→ What is needed
Return the records below exactly as they are written.

● ● ● ●

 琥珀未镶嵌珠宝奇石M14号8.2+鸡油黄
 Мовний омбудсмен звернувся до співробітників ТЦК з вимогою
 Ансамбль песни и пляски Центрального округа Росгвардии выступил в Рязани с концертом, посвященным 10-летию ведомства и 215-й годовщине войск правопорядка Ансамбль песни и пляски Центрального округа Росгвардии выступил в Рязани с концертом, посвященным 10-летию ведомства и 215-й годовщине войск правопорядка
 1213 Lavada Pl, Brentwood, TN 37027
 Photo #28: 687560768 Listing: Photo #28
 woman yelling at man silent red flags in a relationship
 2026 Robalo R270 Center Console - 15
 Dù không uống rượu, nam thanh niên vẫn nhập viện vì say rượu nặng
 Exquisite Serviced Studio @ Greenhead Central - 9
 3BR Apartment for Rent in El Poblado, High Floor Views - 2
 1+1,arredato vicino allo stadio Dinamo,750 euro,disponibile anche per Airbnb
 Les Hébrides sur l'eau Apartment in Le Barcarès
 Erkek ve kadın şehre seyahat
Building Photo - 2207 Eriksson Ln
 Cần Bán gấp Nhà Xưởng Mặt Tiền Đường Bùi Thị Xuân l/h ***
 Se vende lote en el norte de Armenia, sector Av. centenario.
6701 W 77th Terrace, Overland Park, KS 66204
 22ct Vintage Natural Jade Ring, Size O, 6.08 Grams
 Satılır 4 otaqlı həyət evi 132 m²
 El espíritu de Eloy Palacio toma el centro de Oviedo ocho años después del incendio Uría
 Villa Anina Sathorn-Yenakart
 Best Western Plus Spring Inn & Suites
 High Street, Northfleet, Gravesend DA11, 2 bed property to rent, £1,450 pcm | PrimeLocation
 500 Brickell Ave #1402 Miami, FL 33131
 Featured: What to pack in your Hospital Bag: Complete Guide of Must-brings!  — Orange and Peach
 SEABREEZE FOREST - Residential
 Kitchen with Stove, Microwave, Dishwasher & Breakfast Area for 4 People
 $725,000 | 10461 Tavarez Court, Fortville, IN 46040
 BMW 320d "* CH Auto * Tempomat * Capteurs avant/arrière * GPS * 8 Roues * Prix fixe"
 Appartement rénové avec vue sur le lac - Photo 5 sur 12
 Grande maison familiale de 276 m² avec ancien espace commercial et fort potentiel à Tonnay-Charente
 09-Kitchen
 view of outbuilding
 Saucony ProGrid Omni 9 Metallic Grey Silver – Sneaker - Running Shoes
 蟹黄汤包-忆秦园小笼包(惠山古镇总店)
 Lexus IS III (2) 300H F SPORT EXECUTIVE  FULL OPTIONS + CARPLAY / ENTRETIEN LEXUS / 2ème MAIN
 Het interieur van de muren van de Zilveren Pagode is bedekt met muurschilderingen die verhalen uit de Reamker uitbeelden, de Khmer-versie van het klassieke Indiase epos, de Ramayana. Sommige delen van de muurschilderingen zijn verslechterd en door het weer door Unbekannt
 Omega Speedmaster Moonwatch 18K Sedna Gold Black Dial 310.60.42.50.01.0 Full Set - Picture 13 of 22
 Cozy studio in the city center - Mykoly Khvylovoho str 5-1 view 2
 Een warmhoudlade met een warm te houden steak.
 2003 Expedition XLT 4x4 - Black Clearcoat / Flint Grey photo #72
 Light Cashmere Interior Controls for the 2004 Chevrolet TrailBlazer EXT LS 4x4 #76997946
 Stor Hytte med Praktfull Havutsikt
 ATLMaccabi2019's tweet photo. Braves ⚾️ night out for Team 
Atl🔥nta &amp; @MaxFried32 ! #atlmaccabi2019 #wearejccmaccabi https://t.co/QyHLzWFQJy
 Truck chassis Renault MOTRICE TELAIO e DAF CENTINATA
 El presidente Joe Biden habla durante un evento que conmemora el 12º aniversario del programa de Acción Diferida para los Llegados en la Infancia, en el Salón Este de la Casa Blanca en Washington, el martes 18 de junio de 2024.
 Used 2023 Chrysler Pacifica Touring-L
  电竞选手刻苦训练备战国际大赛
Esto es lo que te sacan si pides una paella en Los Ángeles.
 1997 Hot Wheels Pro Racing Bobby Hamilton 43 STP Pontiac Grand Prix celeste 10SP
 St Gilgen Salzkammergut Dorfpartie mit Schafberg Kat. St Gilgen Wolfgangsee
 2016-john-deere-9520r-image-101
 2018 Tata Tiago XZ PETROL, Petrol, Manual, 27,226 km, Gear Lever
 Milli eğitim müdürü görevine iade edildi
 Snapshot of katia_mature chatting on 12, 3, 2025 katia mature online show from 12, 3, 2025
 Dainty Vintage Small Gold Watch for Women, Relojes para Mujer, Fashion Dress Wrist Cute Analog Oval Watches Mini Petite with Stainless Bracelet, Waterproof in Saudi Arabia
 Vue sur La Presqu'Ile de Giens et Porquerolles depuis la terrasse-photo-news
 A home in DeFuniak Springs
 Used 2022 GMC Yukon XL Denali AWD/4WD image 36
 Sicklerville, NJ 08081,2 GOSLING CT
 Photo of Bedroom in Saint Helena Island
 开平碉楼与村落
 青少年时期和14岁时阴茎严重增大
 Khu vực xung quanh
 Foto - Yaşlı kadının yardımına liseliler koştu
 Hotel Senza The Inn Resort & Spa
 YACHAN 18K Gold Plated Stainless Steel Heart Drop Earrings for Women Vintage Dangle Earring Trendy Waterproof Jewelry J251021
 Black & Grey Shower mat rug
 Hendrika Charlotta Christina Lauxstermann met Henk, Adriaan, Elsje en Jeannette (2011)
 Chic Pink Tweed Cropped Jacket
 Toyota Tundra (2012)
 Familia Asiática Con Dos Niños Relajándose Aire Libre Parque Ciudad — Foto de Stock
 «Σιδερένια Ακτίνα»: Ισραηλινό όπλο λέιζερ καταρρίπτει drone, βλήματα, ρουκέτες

● ● ● ●

→ Response
 琥珀未镶嵌珠宝奇石M14号8.2+鸡油黄
 Мовний омбудсмен звернувся до співробітників ТЦК з вимогою
 Ансамбль песни и пляски Центрального округа Росгвардии выступил в Рязани с концертом, посвященным 10-летию ведомства и 215-й годовщине войск правопорядка Ансамбль песни и пляски Центрального округа Росгвардии выступил в Рязани с концертом, посвященным 10-летию ведомства и 215-й годовщине войск правопорядка
 1213 Lavada Pl, Brentwood, TN 37027
 Photo #28: 687560768 Listing: Photo #28
 woman yelling at man silent red flags in a relationship
 2026 Robalo R270 Center Console - 15
 Dù không uống rượu, nam thanh niên vẫn nhập viện vì say rượu nặng
 Exquisite Serviced Studio @ Greenhead Central - 9
 3BR Apartment for Rent in El Poblado, High Floor Views - 2
 1+1,arredato vicino allo stadio Dinamo,750 euro,disponibile anche per Airbnb
 Les Hébrides sur l'eau Apartment in Le Barcarès
 Erkek ve kadın şehre seyahat
Building Photo - 2207 Eriksson Ln
 Cần Bán gấp Nhà Xưởng Mặt Tiền Đường Bùi Thị Xuân l/h ***
 Se vende lote en el norte de Armenia, sector Av. centenario.
6701 W 77th Terrace, Overland Park, KS 66204
 22ct Vintage Natural Jade Ring, Size O, 6.08 Grams
 Satılır 4 otaqlı həyət evi 132 m²
 El espíritu de Eloy Palacio toma el centro de Oviedo ocho años después del incendio Uría
 Villa Anina Sathorn-Yenakart
 Best Western Plus Spring Inn & Suites
 High Street, Northfleet, Gravesend DA11, 2 bed property to rent, £1,450 pcm | PrimeLocation
 500 Brickell Ave #1402 Miami, FL 33131
 Featured: What to pack in your Hospital Bag: Complete Guide of Must-brings!  — Orange and Peach
 SEABREEZE FOREST - Residential
 Kitchen with Stove, Microwave, Dishwasher & Breakfast Area for 4 People
 $725,000 | 10461 Tavarez Court, Fortville, IN 46040
 BMW 320d "* CH Auto * Tempomat * Capteurs avant/arrière * GPS * 8 Roues * Prix fixe"
 Appartement rénové avec vue sur le lac - Photo 5 sur 12
 Grande maison familiale de 276 m² avec ancien espace commercial et fort potentiel à Tonnay-Charente
 09-Kitchen
 view of outbuilding
 Saucony ProGrid Omni 9 Metallic Grey Silver – Sneaker - Running Shoes
 蟹黄汤包-忆秦园小笼包(惠山古镇总店)
 Lexus IS III (2) 300H F SPORT EXECUTIVE  FULL OPTIONS + CARPLAY / ENTRETIEN LEXUS / 2ème MAIN
 Het interieur van de muren van de Zilveren Pagode is bedekt met muurschilderingen die verhalen uit de Reamker uitbeelden, de Khmer-versie van het klassieke Indiase epos, de Ramayana. Sommige delen van de muurschilderingen zijn verslechterd en door het weer door Unbekannt
 Omega Speedmaster Moonwatch 18K Sedna Gold Black Dial 310.60.42.50.01.0 Full Set - Picture 13 of 22
 Cozy studio in the city center - Mykoly Khvylovoho str 5-1 view 2
 Een warmhoudlade met een warm te houden steak.
 2003 Expedition XLT 4x4 - Black Clearcoat / Flint Grey photo #72
 Light Cashmere Interior Controls for the 2004 Chevrolet TrailBlazer EXT LS 4x4 #76997946
 Stor Hytte med Praktfull Havutsikt
 ATLMaccabi2019's tweet photo. Braves ⚾️ night out for Team 
Atl🔥nta &amp; @MaxFried32 ! #atlmaccabi2019 #wearejccmaccabi https://t.co/QyHLzWFQJy
 Truck chassis Renault MOTRICE TELAIO e DAF CENTINATA
 El presidente Joe Biden habla durante un evento que conmemora el 12º aniversario del programa de Acción Diferida para los Llegados en la Infancia, en el Salón Este de la Casa Blanca en Washington, el martes 18 de junio de 2024.
 Used 2023 Chrysler Pacifica Touring-L
  电竞选手刻苦训练备战国际大赛
Esto es lo que te sacan si pides una paella en Los Ángeles.
 1997 Hot Wheels Pro Racing Bobby Hamilton 43 STP Pontiac Grand Prix celeste 10SP
 St Gilgen Salzkammergut Dorfpartie mit Schafberg Kat. St Gilgen Wolfgangsee
 2016-john-deere-9520r-image-101
 2018 Tata Tiago XZ PETROL, Petrol, Manual, 27,226 km, Gear Lever
 Milli eğitim müdürü görevine iade edildi
 Snapshot of katia_mature chatting on 12, 3, 2025 katia mature online show from 12, 3, 2025
 Dainty Vintage Small Gold Watch for Women, Relojes para Mujer, Fashion Dress Wrist Cute Analog Oval Watches Mini Petite with Stainless Bracelet, Waterproof in Saudi Arabia
 Vue sur La Presqu'Ile de Giens et Porquerolles depuis la terrasse-photo-news
 A home in DeFuniak Springs
 Used 2022 GMC Yukon XL Denali AWD/4WD image 36
 Sicklerville, NJ 08081,2 GOSLING CT
 Photo of Bedroom in Saint Helena Island
 开平碉楼与村落
 青少年时期和14岁时阴茎严重增大
 Khu vực xung quanh
 Foto - Yaşlı kadının yardımına liseliler koştu
 Hotel Senza The Inn Resort & Spa
 YACHAN 18K Gold Plated Stainless Steel Heart Drop Earrings for Women Vintage Dangle Earring Trendy Waterproof Jewelry J251021
 Black & Grey Shower mat rug
 Hendrika Charlotta Christina Lauxstermann met Henk, Adriaan, Elsje en Jeannette (2011)
 Chic Pink Tweed Cropped Jacket
 Toyota Tundra (2012)
 Familia Asiática Con Dos Niños Relajándose Aire Libre Parque Ciudad — Foto de Stock
 «Σιδερένια Ακτίνα»: Ισραηλινό όπλο λέιζερ καταρρίπτει drone, βλήματα, ρουκέτες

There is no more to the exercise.